C.W. DUNAWAY
v.
Alfred O. SPAIN.
No. 85-C-1235.
Supreme Court of Louisiana.
September 8, 1986.Richard B. Nevils, Baton Rouge, for defendant-applicant.
Richard L. McGimsey, Baton Rouge, for plaintiff-respondent.
LEMMON,[*] Justice.
We granted certiorari to determine the validity of relator's defense of dation en paiement in this suit on a promissory note. We now set aside the decision of the intermediate court which rejected the defense, concluding (in essential agreement with the trial court) that the evidence established that the defendant gave and plaintiff received a thing (defendant's equity in a vacant lot consisting of the difference between the market value of the lot and the amount expended by plaintiff in acquiring the lot) in partial payment of a debt owed by defendant to plaintiff.
Defendant was in the business of constructing houses, operating through a solely owned corporation, Alco Construction, Inc.
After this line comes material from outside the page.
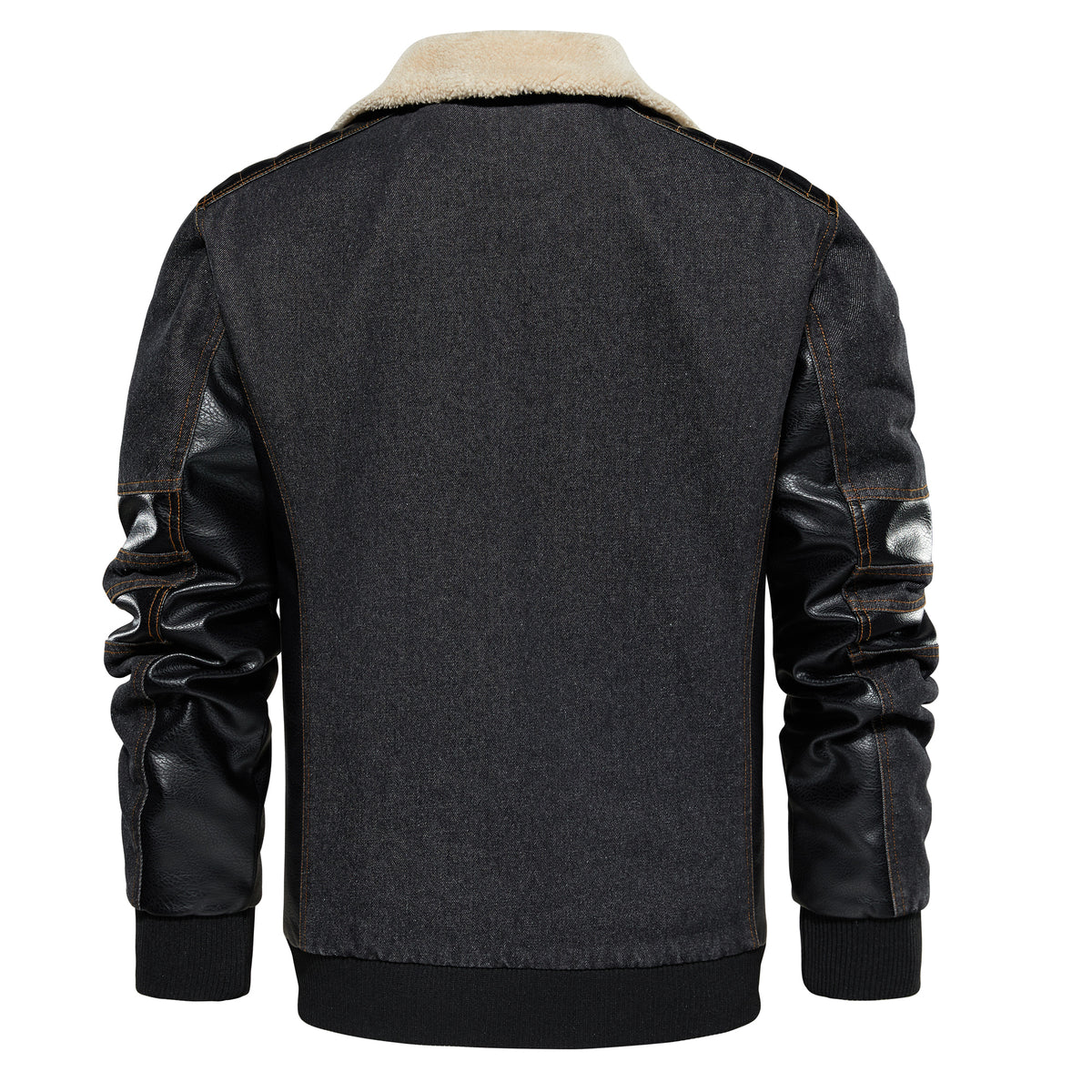Black contrast-sleeve jacket, back view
In May, 1978, Alco bought five lots, *578 financing the purchase through a bank loan. In connection with the transaction, Alco executed a collateral mortgage on the five lots in favor of the bank, and defendant personally endorsed the note.
Soon after this purchase, Alco began construction of three houses, one each on two of these lots and the third on a previously owned lot. Construction financing was obtained through three separate mortgages with the same bank, and defendant again personally endorsed the notes. Unfortunately Alco ran out of money before completing the three houses, and the bank would not increase the amount of the loans because of the poor real estate sales market caused by high interest rates.
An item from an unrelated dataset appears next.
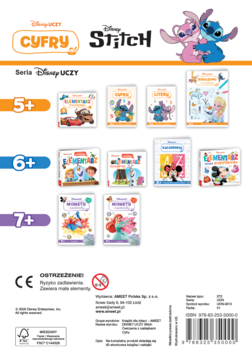 Plakat Disney UCZY CYFRY. Książki dla 5+, 6+, 7+ do nauki cyfr i liczenia, z Lilo i Stitchem.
Plaintiff's wife was Alco's exclusive real estate agent in listing and selling houses. At a luncheon arranged by her in March of 1979, plaintiff and defendant discussed the corporation's dilemma, and plaintiff agreed to pledge a certificate of deposit and to lend defendant the loan proceeds of $18,000 for completion of the construction. The parties contemplated that the houses would be completed and sold within ninety days and that plaintiff would be repaid from the profits on the sales, which in the past had been about $6,000 per house. That afternoon defendant personally executed a promissory note for the amount of the loan. One week later Alco executed an $18,000 mortgage on the three lots involved in the construction, but defendant did not personally endorse the mortgage note.
The three houses were soon completed, but the first house was not sold until November, 1979, and the other two remained unsold until October, 1980 and July, 1981. At each sale, plaintiff executed a partial release of his mortgage. However, the amount due on the bank's mortgage exceeded the sale price at each sale, and plaintiff did not receive any funds to apply to the notes held by him.
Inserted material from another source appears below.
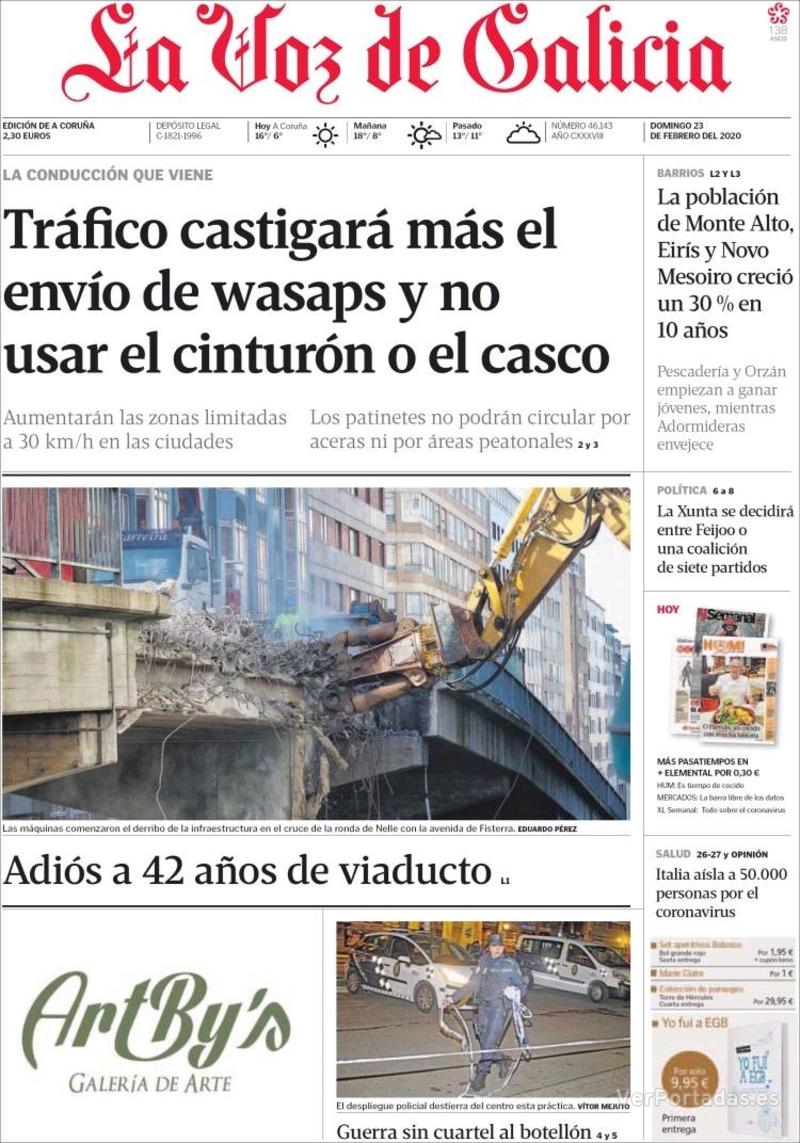 Portada La Voz de Galicia 2020-02-24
The principal dispute in this case involves Alco's sale to plaintiff of a vacant lot one month after the July, 1981 sale of the third house. In August, 1981, Alco's only asset was one of the five lots purchased in 1978. The balance on the bank's collateral mortgage originally secured by the five lots was $20,583.40. For reasons disputed at trial, Alco (through defendant) executed an act of cash sale of the remaining lot to plaintiff for $13,000, and plaintiff paid that amount to the bank toward defendant's indebtedness. The bank released the mortgage on the lot, but required defendant and his son to execute a renewal note in the amount of $7,583.40 (which was the balance due on the collateral mortgage after plaintiff's $13,000 payment).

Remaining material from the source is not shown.